(Dataset entries)
__________________________________________________

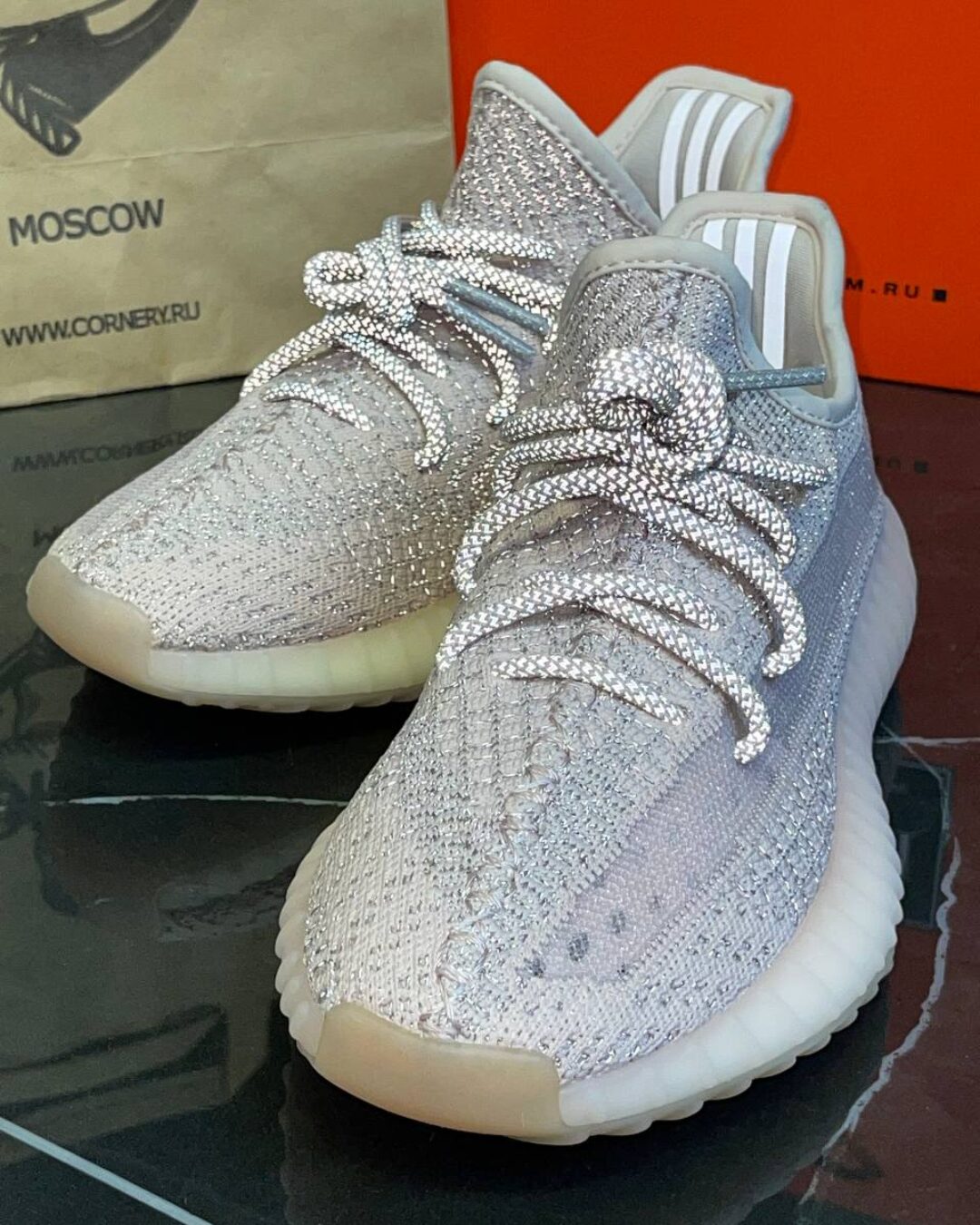 Yeezy 350 V2 Synth Reflective — изображение 8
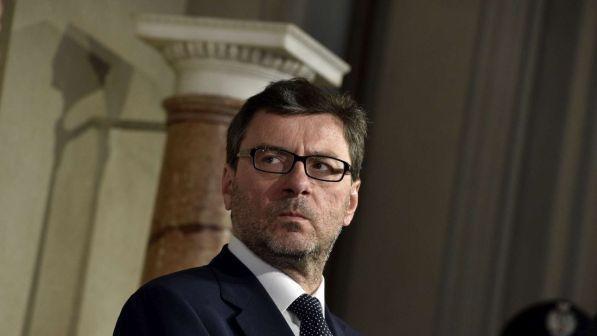 Giorgetti boccia i minibot: "Non sono verosimili, c'è chi crede a Borghi?"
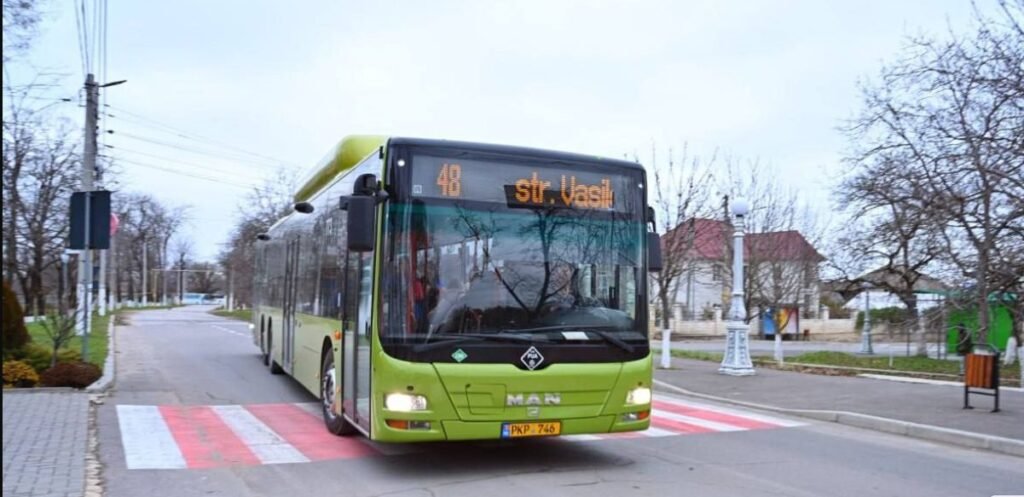 Elevii din Ciorescu nu vor mai aștepta în stații. Orarul autobuzelor nr. 47 și 48 a fost ajustat în funcție de sfârșitul lecțiilor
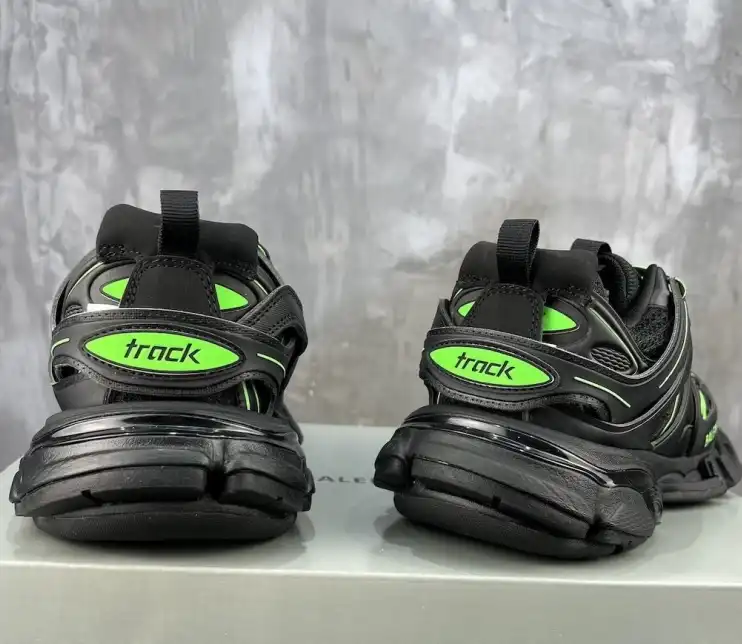 hype Balenciaga Sneakers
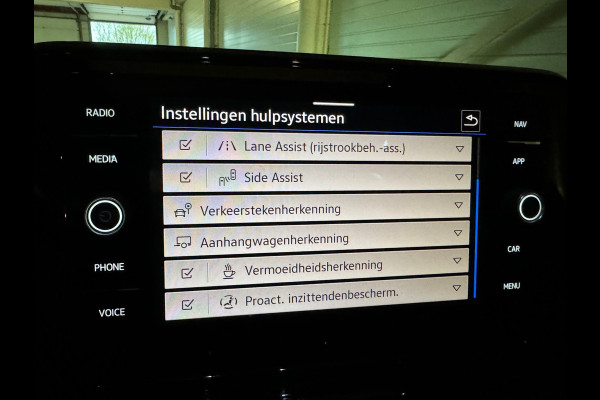 Volkswagen T-Roc 1.5 TSI R-Line Business+ Pano|IQ|Keyles|Cam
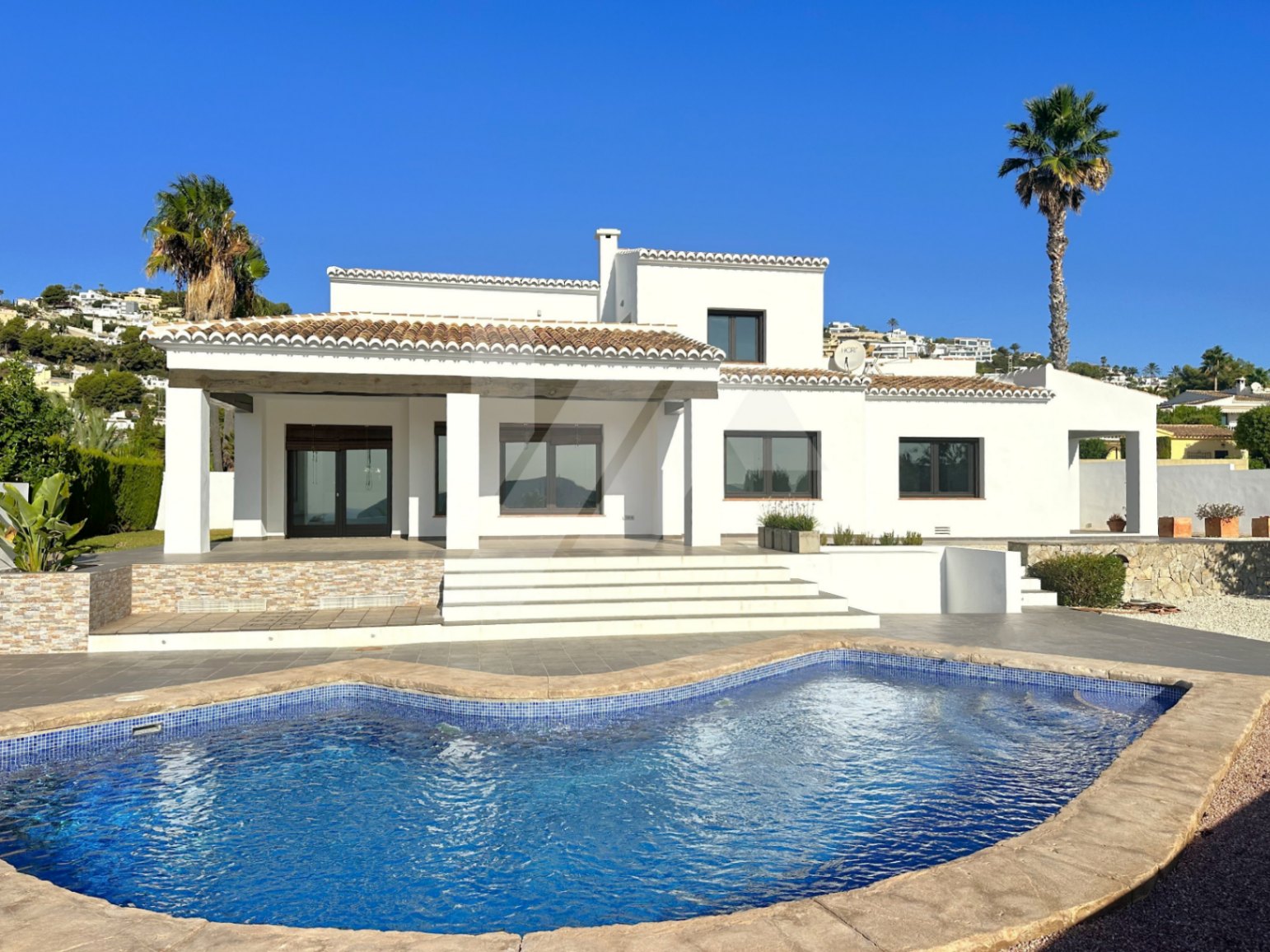 Villa de estilo mediterránea con vistas al mar en venta en Moraira, Costa Blanca.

__________________________________________________

# What is needed:
Retype the entries verbatim and drop the pictures.

# Exercise output:
 Yeezy 350 V2 Synth Reflective — изображение 8
 Giorgetti boccia i minibot: "Non sono verosimili, c'è chi crede a Borghi?"
 Elevii din Ciorescu nu vor mai aștepta în stații. Orarul autobuzelor nr. 47 și 48 a fost ajustat în funcție de sfârșitul lecțiilor
 hype Balenciaga Sneakers
 Volkswagen T-Roc 1.5 TSI R-Line Business+ Pano|IQ|Keyles|Cam
 Villa de estilo mediterránea con vistas al mar en venta en Moraira, Costa Blanca.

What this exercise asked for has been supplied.